--- Source data Enclosed Below ---
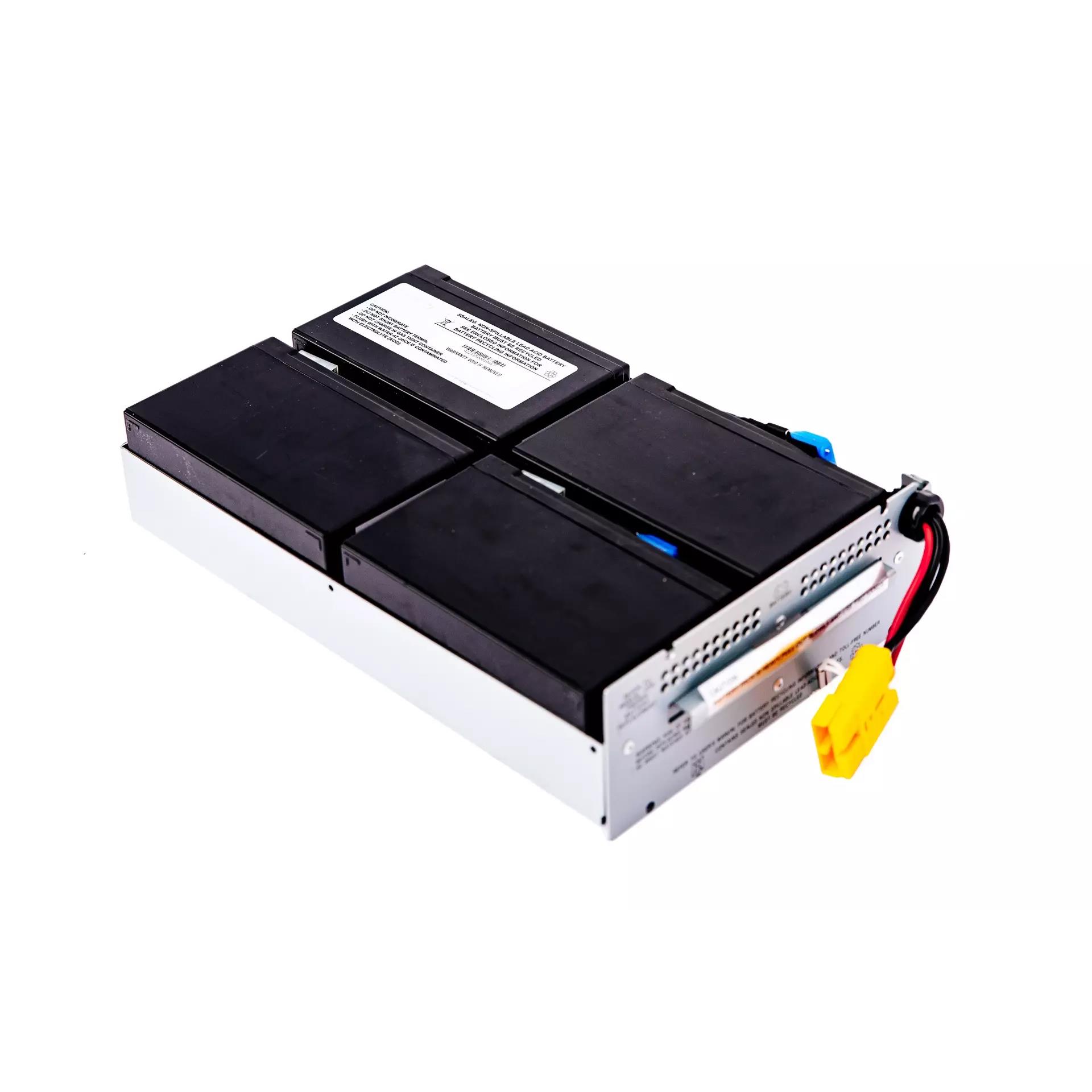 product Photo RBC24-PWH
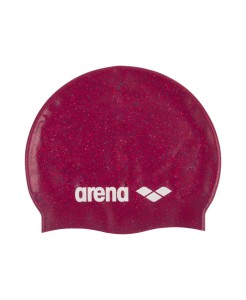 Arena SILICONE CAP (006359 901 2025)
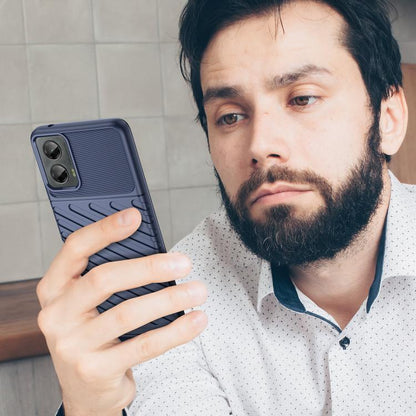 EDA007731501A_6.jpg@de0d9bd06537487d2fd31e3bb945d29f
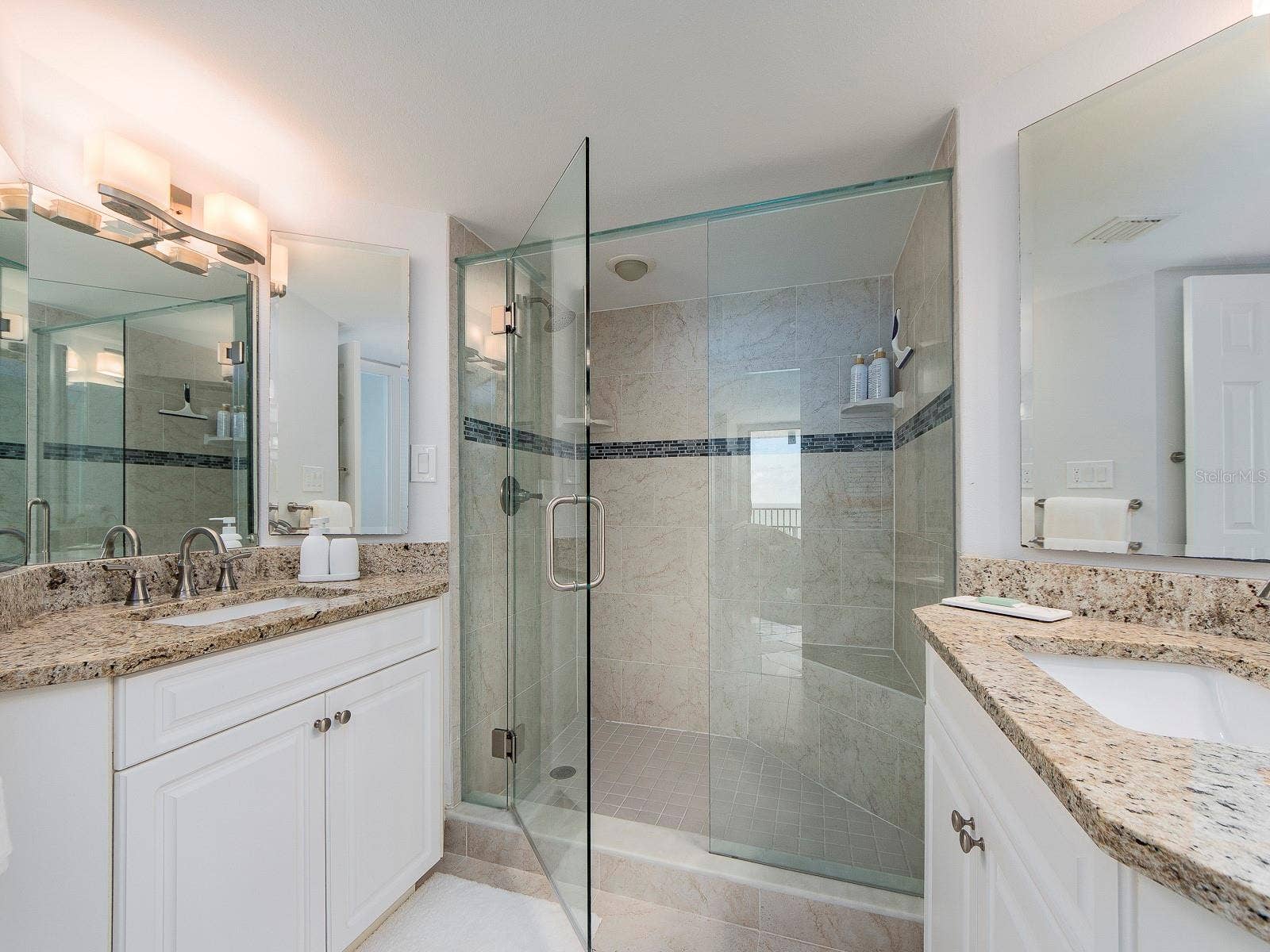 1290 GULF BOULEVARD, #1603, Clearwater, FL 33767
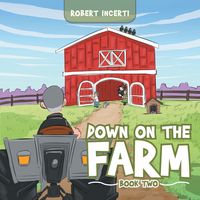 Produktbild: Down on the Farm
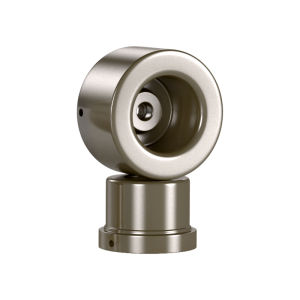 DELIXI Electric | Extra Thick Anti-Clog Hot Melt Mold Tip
--- End of Enclosed Source data ---
What is expected :: An answer containing only the lines from the one holding "Produktbild: Down on the Farm" through the close of the entries above, reproduced exactly and stripped of pictures, is expected.

Solution ::
 Produktbild: Down on the Farm
 DELIXI Electric | Extra Thick Anti-Clog Hot Melt Mold Tip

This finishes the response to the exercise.